Leave ‘No Child’ behind
The federal government’s No Child Left Behind experiment has failed, and at great cost. Rather than reincarnate the program, Washington should return the money to the states, where parents and local educators are best positioned to set education standards and policies for meeting them.
President George W. Bush no doubt had good intentions when he greatly expanded the federal role in education on the grounds that America was falling behind its foreign competitors in preparing its children for the 21st century. But “No Child” hasn’t delivered the results it promised.
The Obama administration is allowing several states waivers to avoid the consequences of not meeting strict performance standards of the act. Meanwhile, the Department of Education is trying to reshape “No Child” into something more effective.
Give it up. Washington is too far away from classrooms to be an effective driver of student performance or real education reform. And that extra layer of bureaucracy robs valuable resources from students.
The Office of Management and Budget estimates that states and local governments spend 7 million hours a year meeting the paperwork burden of No Child Left Behind, at a cost that exceeds $150 million. That’s money that should go directly to educating students. Similarly, the government’s K-12 education budget has ballooned to $50 billion a year, with more than 100 separate programs, many of them redundant, according to the General Accounting Office.

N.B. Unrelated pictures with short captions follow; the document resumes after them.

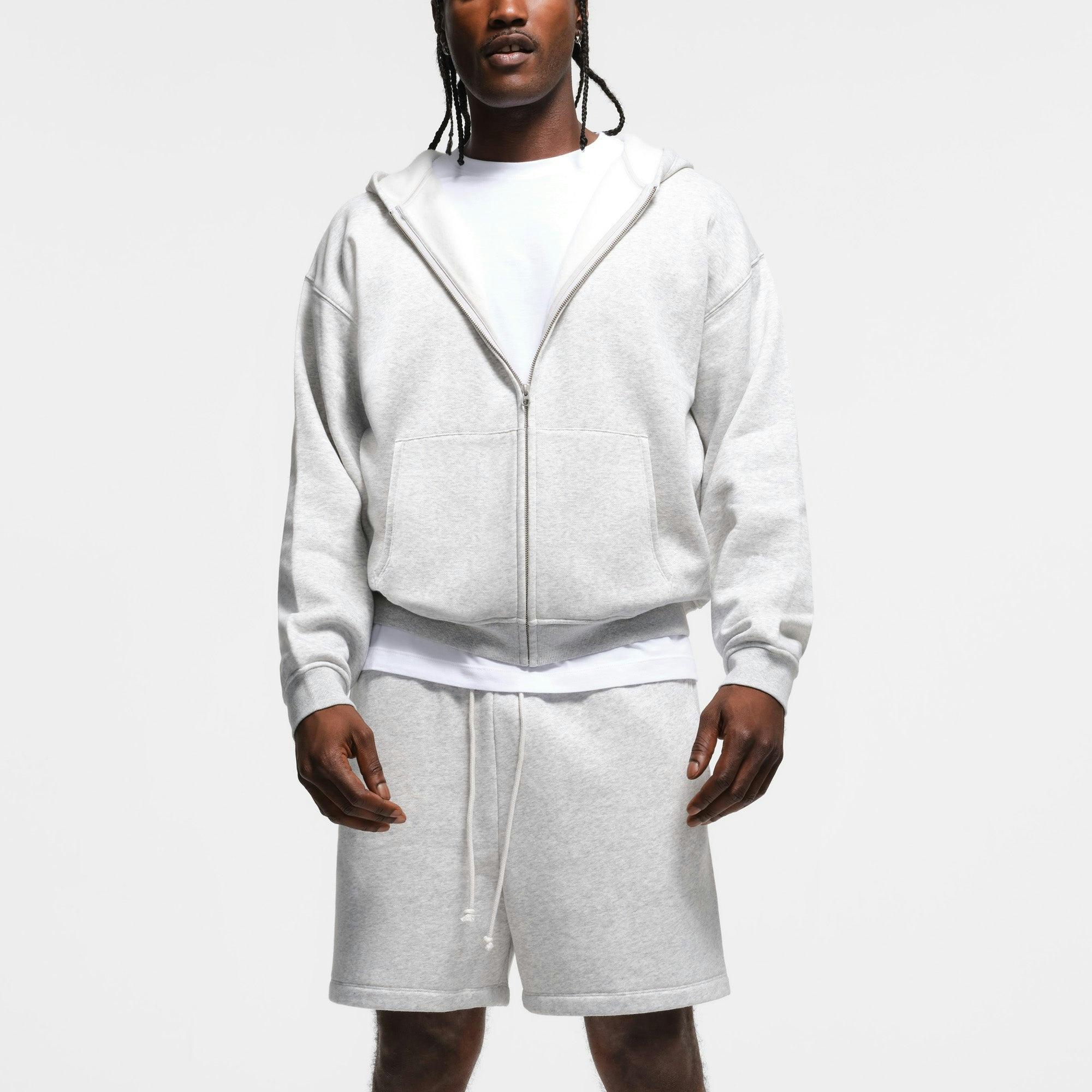 FLEECE LOUNGE MENS RELAXED ZIP UP HOODIE | LIGHT HEATHER GREY Product Image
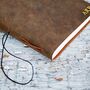 Personalised Brown Buffalo Leather Elastic Tie Journal, thumbnail 4 of 8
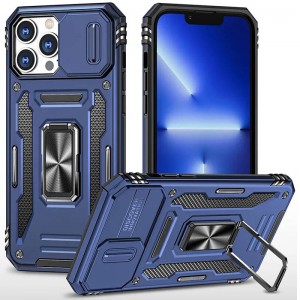 Противоударный чехол Camshield Army Ring для Apple iPhone 14 Pro Max (6.7") Синий / Navy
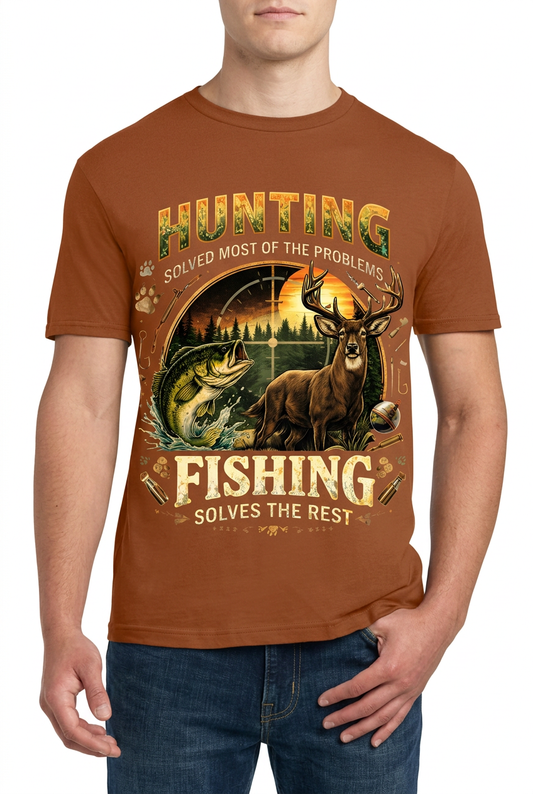 Hunting & Fishing Graphic Tee - Texas Orange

Since 1965, presidents and congressmen from both political parties have believed they could “get it right,” says Lindsey Burke, a policy analyst at The Heritage Foundation. Yet even as federal involvement has grown, and after spending $800 billion, student performance has lagged.
The Obama administration’s recommendations for a reauthorization of No Child Left Behind, which has stalled in the House, would not ameliorate the current broken system.
It’s time to admit defeat. In a way, the administration already has, with its recent announcement allowing states waivers from impending provisions, such as math and reading benchmarks. States that accept the waivers may breathe an initial sigh of relief, but they may ultimately indenture themselves more deeply to federal oversight by agreeing to specific reforms not yet announced.
The waiver came as a relief to states’ education officials. Since state departments of education are looking to increase standards on proficiency tests, officials knew they wouldn’t make national targets under current law.
States have risen to the challenge of education reform. They are closest to the classrooms and the needs of their children and should be allowed to structure reforms tailored to their communities.
No Child Left Behind should be left behind.